A fellow tech worker was arrested Thursday in the slaying of Cash App founder Bob Lee on the streets of San Francisco.
The dad of two, 43, was stabbed just after 2:30 a.m. April 4 in the ritzy neighborhood of Rincon Hill.
Nima Momeni, 38, was arrested and charged with murder, police said.
“We can confirm that Mr. Lee and Mr. Momeni knew each other,” SFPD Chief William Scott said in a Thursday press conference but refused to go into any more detail.
Momeni, boss of a company called Expand IT, is said to have been driving through the city with Lee when they had some kind of confrontation, which resulted in the tech mogul exiting the vehicle.
Their altercation continued and Lee was fatally stabbed by Momeni on a quiet street, according to news site Mission Local, citing police sources.

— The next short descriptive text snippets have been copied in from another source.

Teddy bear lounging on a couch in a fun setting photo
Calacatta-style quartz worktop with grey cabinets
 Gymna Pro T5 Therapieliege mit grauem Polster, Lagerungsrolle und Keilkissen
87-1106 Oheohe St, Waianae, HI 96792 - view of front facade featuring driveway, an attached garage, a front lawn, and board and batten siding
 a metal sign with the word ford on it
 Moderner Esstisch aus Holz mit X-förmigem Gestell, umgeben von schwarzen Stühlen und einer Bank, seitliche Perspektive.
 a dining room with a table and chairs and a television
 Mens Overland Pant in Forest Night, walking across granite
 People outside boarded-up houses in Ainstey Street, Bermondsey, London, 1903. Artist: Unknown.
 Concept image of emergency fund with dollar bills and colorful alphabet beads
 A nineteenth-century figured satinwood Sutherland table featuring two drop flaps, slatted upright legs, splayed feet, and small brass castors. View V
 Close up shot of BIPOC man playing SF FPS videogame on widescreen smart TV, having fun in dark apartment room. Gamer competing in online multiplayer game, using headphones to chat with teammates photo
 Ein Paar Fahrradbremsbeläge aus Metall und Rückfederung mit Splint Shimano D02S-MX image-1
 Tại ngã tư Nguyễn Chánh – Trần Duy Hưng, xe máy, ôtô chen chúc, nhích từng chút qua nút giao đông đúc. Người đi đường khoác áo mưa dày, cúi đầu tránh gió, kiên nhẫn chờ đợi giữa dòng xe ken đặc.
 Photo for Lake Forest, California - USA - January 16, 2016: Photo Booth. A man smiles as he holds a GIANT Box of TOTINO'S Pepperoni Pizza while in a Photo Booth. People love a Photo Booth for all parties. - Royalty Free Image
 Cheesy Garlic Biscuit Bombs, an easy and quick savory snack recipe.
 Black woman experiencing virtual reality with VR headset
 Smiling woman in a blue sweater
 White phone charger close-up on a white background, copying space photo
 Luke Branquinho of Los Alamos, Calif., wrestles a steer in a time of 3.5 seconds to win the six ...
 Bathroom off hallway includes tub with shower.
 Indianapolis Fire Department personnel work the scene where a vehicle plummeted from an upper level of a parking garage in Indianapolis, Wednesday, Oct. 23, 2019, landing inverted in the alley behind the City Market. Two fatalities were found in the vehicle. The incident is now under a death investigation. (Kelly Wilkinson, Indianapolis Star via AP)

Scott would not disclose if the knife used in the murder was recovered by investigators, as reported by Mission Local, who claimed cops had found it at the scene.
How the two had met and ended up in a car together or a motive for the apparent murder remains unknown.
Tragic security video — which has not been publicly released — shows the dying entrepreneur walking up to a car with its hazards flashing and lifting his shirt to the driver to show he was severely injured.
The car drove off without helping and Lee collapsed to the ground in the footage, according to various local outlets who had viewed the video.
It is not clear if the red car Lee approached in the video was the one driven by the suspect or another passing vehicle.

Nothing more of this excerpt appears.